What you are asked to do ::
All the data below goes into the copy word for word, but the pictures don't.

Provided information: Begin

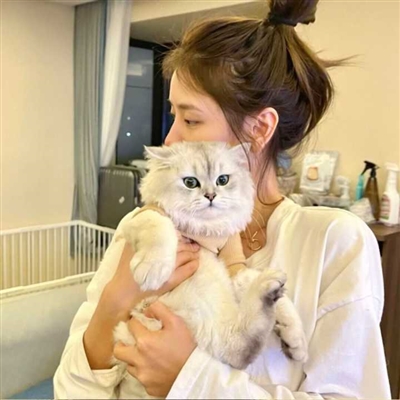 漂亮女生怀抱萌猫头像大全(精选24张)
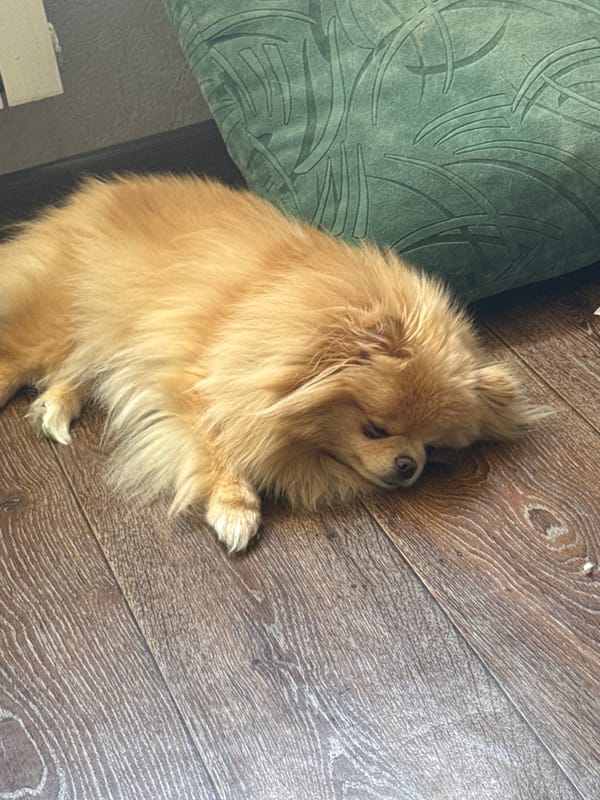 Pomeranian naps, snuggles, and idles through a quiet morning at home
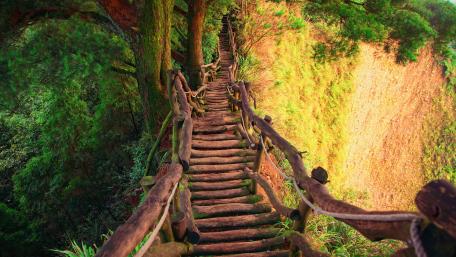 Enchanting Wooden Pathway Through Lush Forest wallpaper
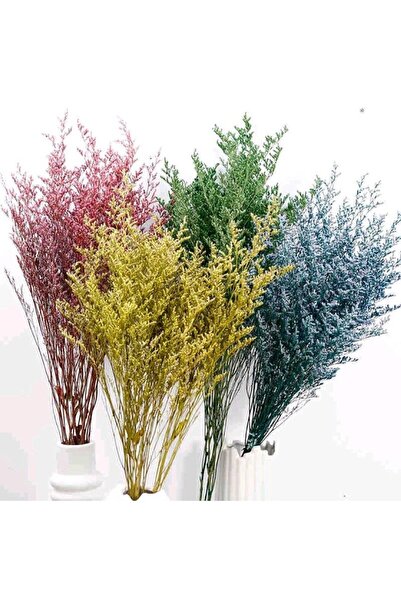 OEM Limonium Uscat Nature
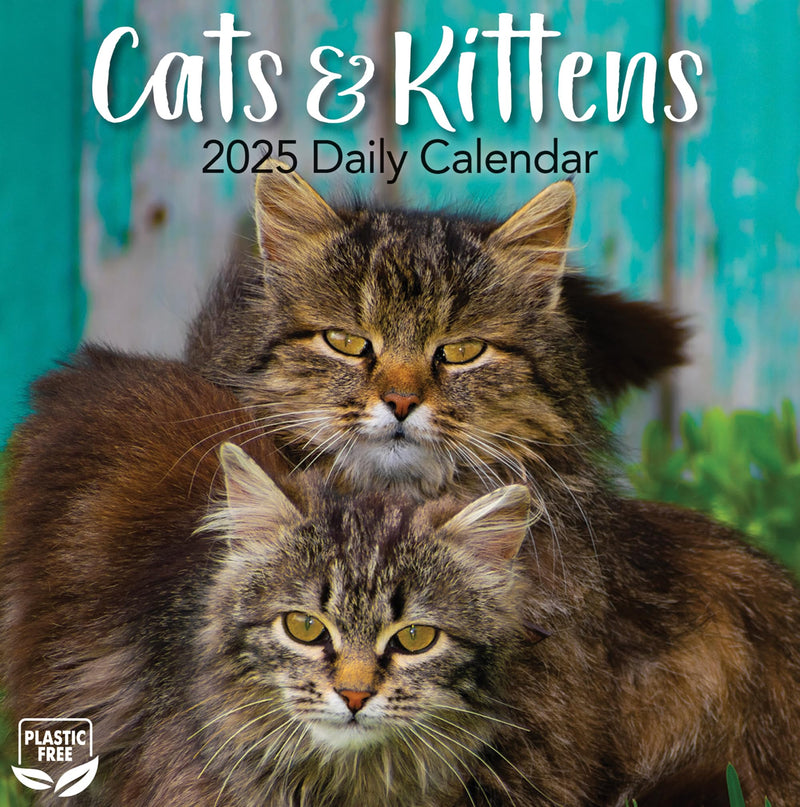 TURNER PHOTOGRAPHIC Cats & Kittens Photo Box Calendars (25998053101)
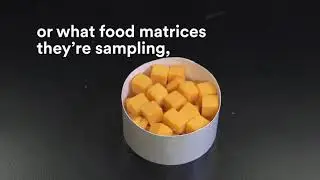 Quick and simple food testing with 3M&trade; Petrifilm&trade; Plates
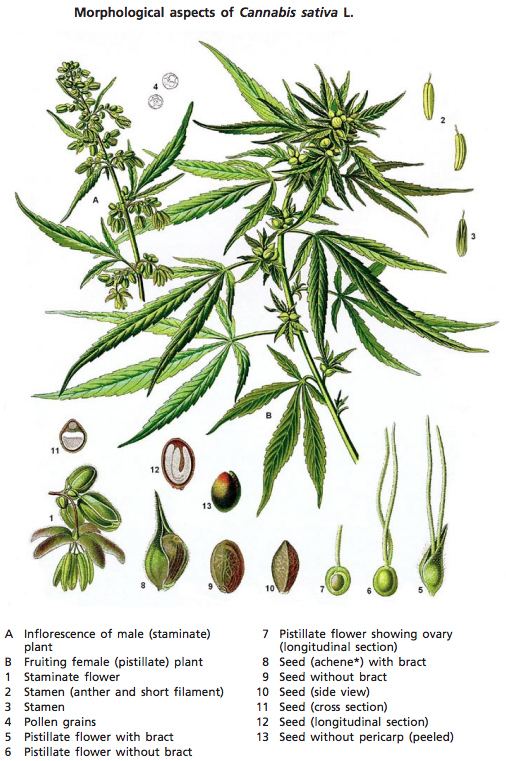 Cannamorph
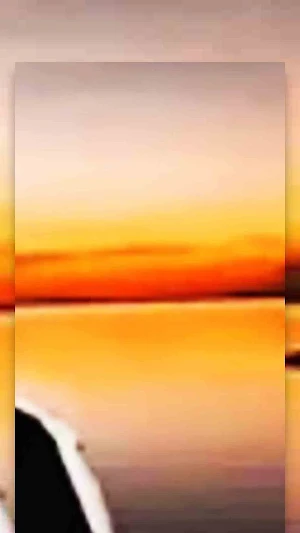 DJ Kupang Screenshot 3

Provided information: End

Answer space ::
 漂亮女生怀抱萌猫头像大全(精选24张)
 Pomeranian naps, snuggles, and idles through a quiet morning at home
 Enchanting Wooden Pathway Through Lush Forest wallpaper
 OEM Limonium Uscat Nature
 TURNER PHOTOGRAPHIC Cats & Kittens Photo Box Calendars (25998053101)
 Quick and simple food testing with 3M&trade; Petrifilm&trade; Plates
 Cannamorph
 DJ Kupang Screenshot 3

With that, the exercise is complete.